The article talks about several concepts as if they're new things and/or can't be done just as efficiently outside the kernel. For example...
> Normally load balancers reverse proxy to the worker that is most likely to be ready
This really is a problem especially for apps that have long-running requests. However, both HAProxy and Apache can be configured to load balance to the worker that is guaranteed to be ready. Why they don't do so by default is beyond me. I believe HAProxy's config option is called 'max_conn 1' or something.
Phusion Passenger also load balances like this with its Global Queuing feature. Since version 3.0 that's on by default.
In short: load balancing like this doesn't require the kernel to do the job.
Instead of stacking people up in long queues behind some guy who’s connection fails miserably; Unicorn lets that one guy fail.
I believe that from what I have read and experienced that Reddit uses a similar system. Sometimes if the wireless connection I use is weak and takes too long to send the request after establishing a connection, Reddit will give me a "timeout" message rather than serving the page.
Timing out connections is pretty standard practice. However that's not what the article is referring to. Imagine requests being handled serially by the web server. If two clients are queued up, [A, B] with B being the first in line, and B also happens to be on a flaky wireless connection that takes 2 minutes to complete the request, then A doesn't get its turn until 2 minutes later.
To fight this undesirable effect, you will want to handle all connections simultaneously so that no user has to wait for the other. However many web apps tend to be serial with limited concurrency, because of the way they're written.
One way to solve this problem is by buffering the request and the response at the reverse proxy level, where the reverse proxy can - in principle - handle an unlimited number of connections concurrently, or at least a large number of them concurrently. The reverse proxy doesn't pass the request to the web app until the request has been completely received. Likewise, the reverse proxy receives the complete response from the web app, thereby immediately freeing the web app's limited concurrency resources, and then sends the buffered response to the client no matter how long that can take. Both the reverse proxy receive and send steps can be combined with a timeout; this is what you're referring to in your reply but it's only a part of the total picture.
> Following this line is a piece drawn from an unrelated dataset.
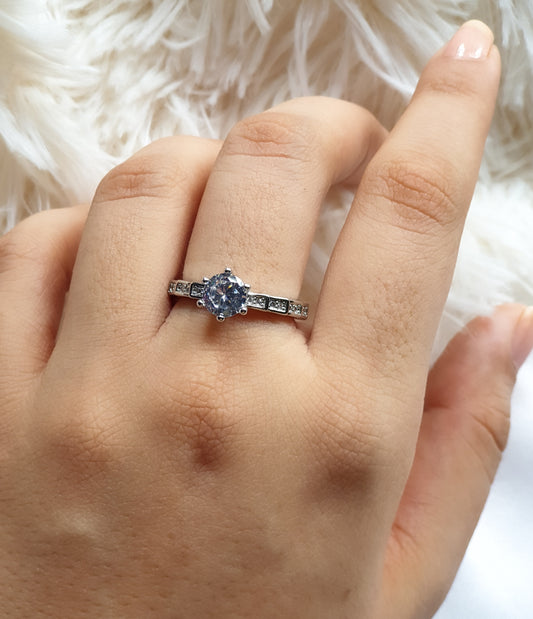Solitaire Serpent Ring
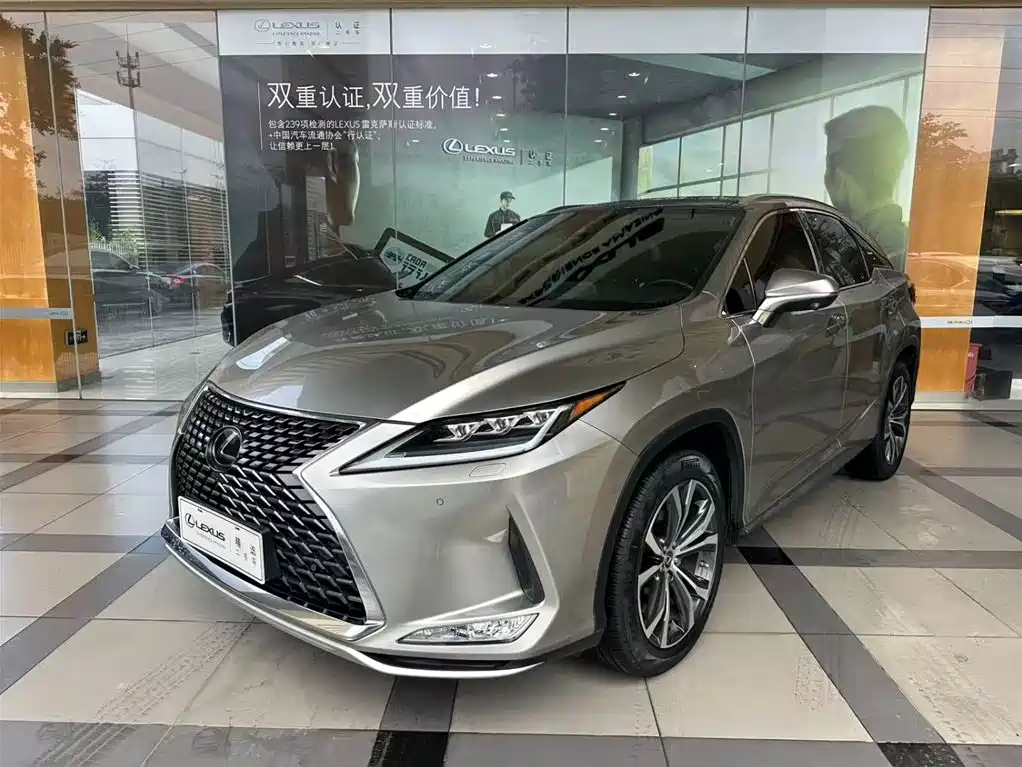 Lexus RX 2020 — фото 1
However all of this is pretty standard practice for many web servers, and has been for a while. Phusion Passenger has done this since version 2.0 (2 years ago). Before Unicorn, traditional setups with Nginx + mongrel_cluster, Nginx + Thin, Apache + mongrel_cluster, Apache + Thin, do exactly the same thing.
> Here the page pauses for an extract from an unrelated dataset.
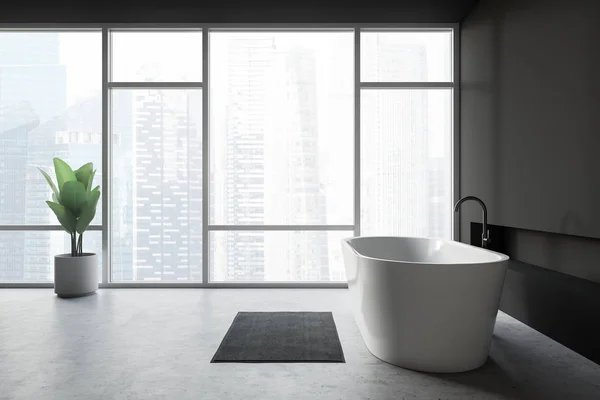 Interior de baño de diseño moderno con bañera y ventana panorámica . —  Fotos de Stock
To be clear: Unicorn is not responsible for handling slow clients. It's fairly unique in its policy to explicitly not handle slow clients, and to require the user to put it behind a buffering reverse proxy. This makes sense if to people who are intimately familiar with network server architectures, but can be confusing to newbies who just want to setup a server expect it to work; this newbie will be in for a nasty surprise.
For example Thin does not require a buffering reverse proxy, it buffers internally. Mongrel can handle slow clients up to a certain number because it's multithreaded in so far it hasn't hit the app's lock yet.
Before Unicorn, traditional setups with Nginx + mongrel_cluster, Nginx + Thin, Apache + mongrel_cluster, Apache + Thin, do exactly the same thing.
Actually, this isn't entirely correct. Traditional setups with nginx have needed HAProxy in the middle to perform the same balancing that Unicorn provides.
For any non-trivial app, you will need some form of balancing of requests to avoid the 'single request hurts everyone' problem. Unicorn does this in the cleanest way, as the number of places to define the process count is in a single location with Unicorn, and in at least 2 places with HAProxy + <Thin or Mongrel>.
We tried testing Phusion Passenger 2.x for our workload, and found that it often ran more processes than we configured it for, and could take out the entire server by over committing memory. This then needed yet more config in out monitoring solution and became more trouble than it was worth.
For ease of configuration and actually working as advertised, I would recommend Unicorn to anyone running a Ruby web server.
I'm in the process of building out a web services architecture built in Rails and served up by Unicorn. Its working great so far. All of the clients hitting my service are high end servers on a local network, so I don't have to worry about network latency, client buffering, etc.
> Normally load balancers reverse proxy to the worker that is most likely to be ready
This really is a problem especially for apps that have long-running requests. However, both HAProxy and Apache can be configured to load balance to the worker that is guaranteed to be ready. Why they don't do so by default is beyond me. I believe HAProxy's config option is called 'max_conn 1' or something.
Phusion Passenger also load balances like this with its Global Queuing feature. Since version 3.0 that's on by default.
In short: load balancing like this doesn't require the kernel to do the job.